**Data:**
========================================================================

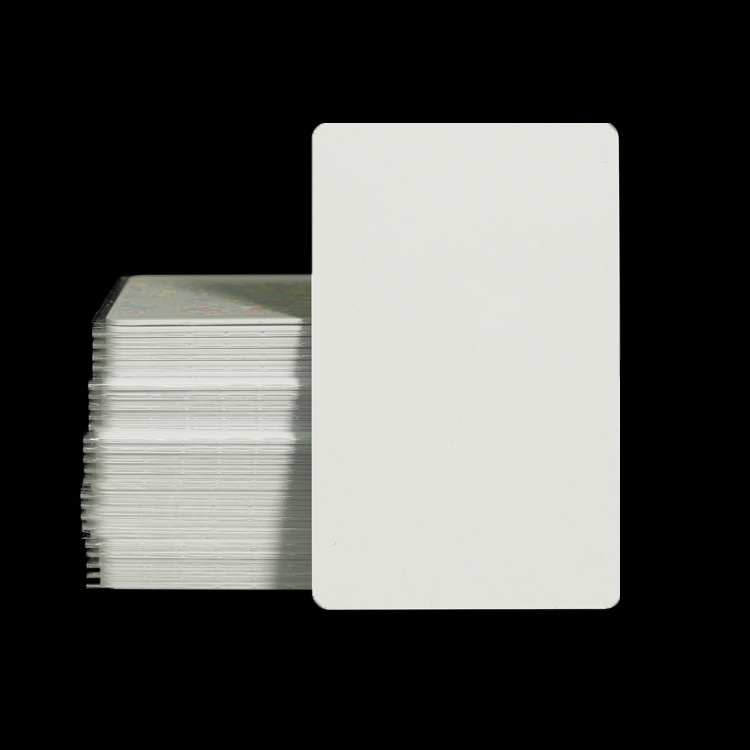 High Quality Custom Printed Contactless PVC Plastic Smart Chip RFID NFC Card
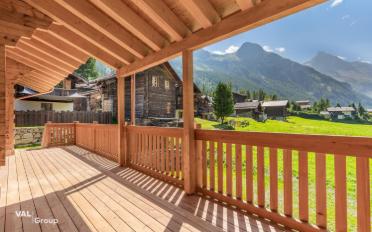 Chalet 6 Zimmer - image - 3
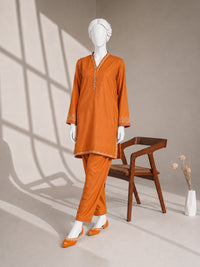 Core Essential 2Pc Stitched | PJLES260904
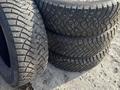 225/65 R17 (DUNLOP GRANDTREK ICE 03)үшін140 000 тг. в Петропавловск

========================================================================

**Directions:** Keep every word of the lines above unchanged in the copy, and omit the pictures.

**Result:**
 High Quality Custom Printed Contactless PVC Plastic Smart Chip RFID NFC Card
 Chalet 6 Zimmer - image - 3
 Core Essential 2Pc Stitched | PJLES260904
 225/65 R17 (DUNLOP GRANDTREK ICE 03)үшін140 000 тг. в Петропавловск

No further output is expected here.